Under his leadership, the initial efforts were to put out the Vatican II documents with commentaries and several volumes of council speeches. Paulist Press also published the first several years of the important journal “Concilium.”

About this same time, he oversaw moving the editorial offices to a series of locations in Bergen County, New Jersey, settling at its current home in Mahwah in 1985.

It was in these years immediately after Vatican II that Paulist Press became one of the most influential English-language publishers when it came to the great work of understanding, explaining, and especially implementing Vatican II. Fueled by the council’s enthusiasm and the Press’s growing reputation in the field, both established and younger scholars in large numbers brought their ideas and manuscripts to Fr. Lynch and his team of mostly lay editors.

“There was a gravity to it all,” he recounted. “It just sort of came towards us. These bright Vatican II people coming with ideas.”

Pamphlet series yielded to Paulist Press’ accessible and affordable paperbacks, along with parish programs including “Come to the Father” in the 1970s and “Renew” in the 1980s.

The “Classics of Western Spirituality” book series brought to a wide audience not only the fruits of Catholic spirituality, but also great writers in the Jewish, Muslim, and non-Catholic traditions.

Faced with an initial list of the usual Catholic classics, Fr. Lynch recalled thinking, “We don’t own God. We think we do, but we don’t. This is one of the great things coming out of Vatican II, this respect for these other traditions and trying to build bridges and understand them not as competitors or heretics.”
A small sampling of titles in the “Classics of Western Spirituality” series.

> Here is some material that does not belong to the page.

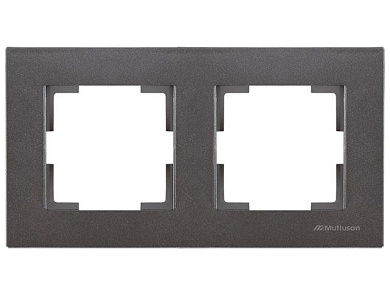 Рамка 2-ая горизонтальная дымчатая, RITA, Mutlusan 22208001295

Started in 1978 with a volume on Julian of Norwich, the “Classics of Western Spirituality” series now totals well over 100 titles and is known not only for its readable translations and contemporary cover art, but also for its excellent introductions that place a particular spirituality in its historical context. From the start, Fr. Lynch said, “I knew right away that this was going to fly right to the moon.”

Paulist Fr. Frank DeSiano, past president of the Paulist Fathers and current head of Paulist Evangelization Ministries, said Fr. Lynch “was singularly outstanding for the Paulist contribution to the Post-Vatican II Church. This was true throughout the English-speaking world.”

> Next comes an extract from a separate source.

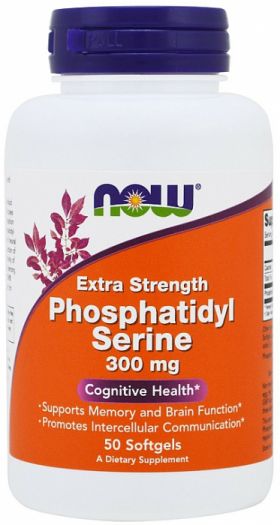 Now Phosphatidyl Serine 300mg Extra Strength 50 softgels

“As editor of Paulist Press, Fr. Kevin had an uncanny sense of which books would communicate the values of Vatican II in a language accessible to clergy, religious, and lay people,” said Fr. Frank. “This meant that he had a deep and subtle theological understanding which allowed him to evaluate and disseminate the various offerings of religious writers from 1965 through the 2000’s.”

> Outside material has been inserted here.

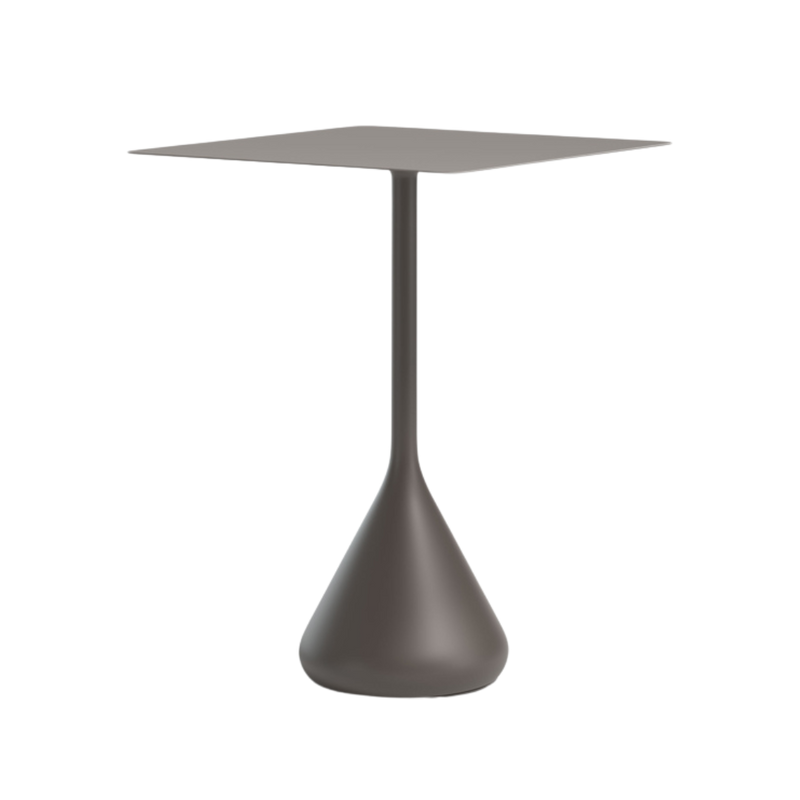 Satellite bar table  80x80cm. Black pepper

Fr. Frank added, “The Classics of Western Spirituality was a bold move, one that made the core of spiritual writers throughout religious traditions accessible to people. The introductions and footnotes in these volumes put writers into context and also brought greater clarity for people who wanted to pursue a direction in spirituality further.”
Fr. Lynch at a Paulist Press event in the 2010s.
Fr. Lynch in 1998

Fr. Lynch retired from Paulist Press in the late 1990s but continued to read manuscripts and provide editorial advice for some 15 years after that, while living at the Paulist Motherhouse in New York City.

In addition to his parents, he was preceded in death by two brothers, James and John Lynch, and his sister, Mary Patterson Alexander. He is survived by many nieces, nephews, cousins and their children.

In 2018, an interviewer asked Fr. Lynch, “Have you ever thought of, when you meet God, what you might say? What questions you may have?”

Fr. Kevin chuckled heartily in reply.

“I don’t think I will be interrogating God,” he said. “I think I will listen. I think I will thank him. Thanks to God for all of the gifts he has given me, such an interesting and wonderful life.”


A Funeral Mass for Fr. Kevin Lynch, C.S.P., will be celebrated on Thursday, September 1, at the Church of St. Paul the Apostle in New York City. A visitation will be held at 1 p.m. in the church with a Mass of Christian of Christian Burial to follow at 2 p.m.